Israël et la Turquie ont annoncé, mercredi, la reprise totale de leurs relations diplomatiques après plus de dix ans de brouille. Coopération énergétique, difficultés économiques en Turquie, dynamique de normalisation des relations entre l’État hébreu et ses voisins… Ce réchauffement revêt plusieurs enjeux, notamment pour Ankara qui cherche désormais un positionnement géopolitique “moins conflictuel”. Entretien.
Après plus de dix ans de “gel”, Israël et la Turquie ont annoncé, mercredi 17 août, un rétablissement complet de leurs liens ainsi que le retour de leurs ambassadeurs et des consuls généraux dans les deux pays. Le Premier ministre israélien Yaïr Lapid a expliqué dans un communiqué la “décision d’élever le niveau des liens (avec Ankara) à des relations diplomatiques pleines et entières” en précisant que cette reprise “est un atout important pour la stabilité régionale et une nouvelle économique très importante”.

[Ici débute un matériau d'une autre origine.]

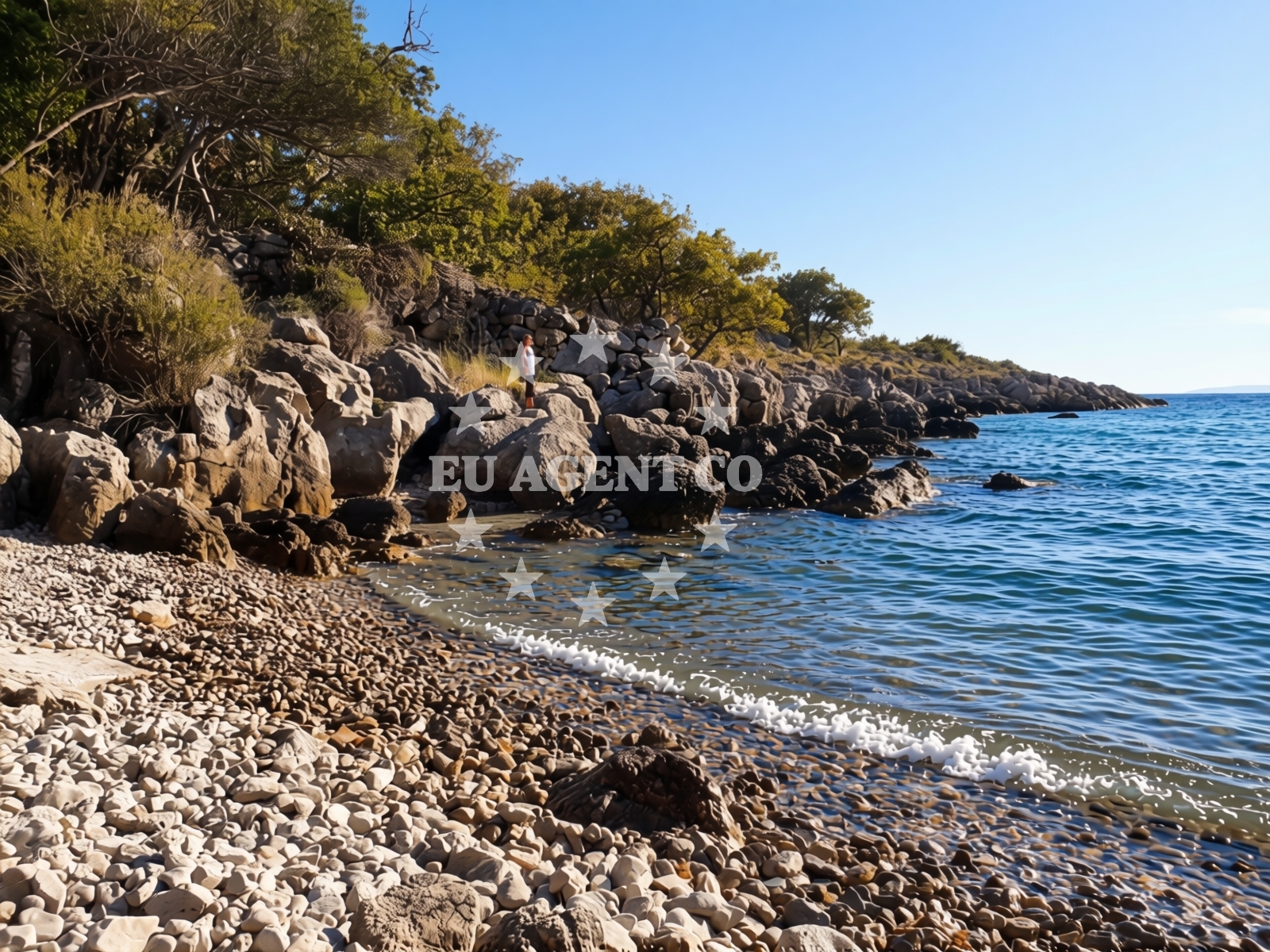 Shoreline and swimming area at Beach Cicovac in Primorska ulica, Novalja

Les deux pays naviguaient pourtant en eaux troubles depuis plusieurs années. En 2010, les forces israéliennes avaient lancé un assaut meurtrier contre le navire turc “Mavi Marmara” qui tentait d’acheminer de l’aide à l’enclave palestinienne de Gaza, sous blocus israélien et contrôlée par les islamistes du Hamas – qui ont d’ailleurs des représentants en Turquie.
Puis, en mai 2018, après la mort d’une cinquantaine de Palestiniens tués par l’armée israélienne à Gaza, la Turquie avait rappelé son ambassadeur en Israël et renvoyé l’ambassadeur israélien. L’État hébreu avait riposté en renvoyant le consul général turc à Jérusalem.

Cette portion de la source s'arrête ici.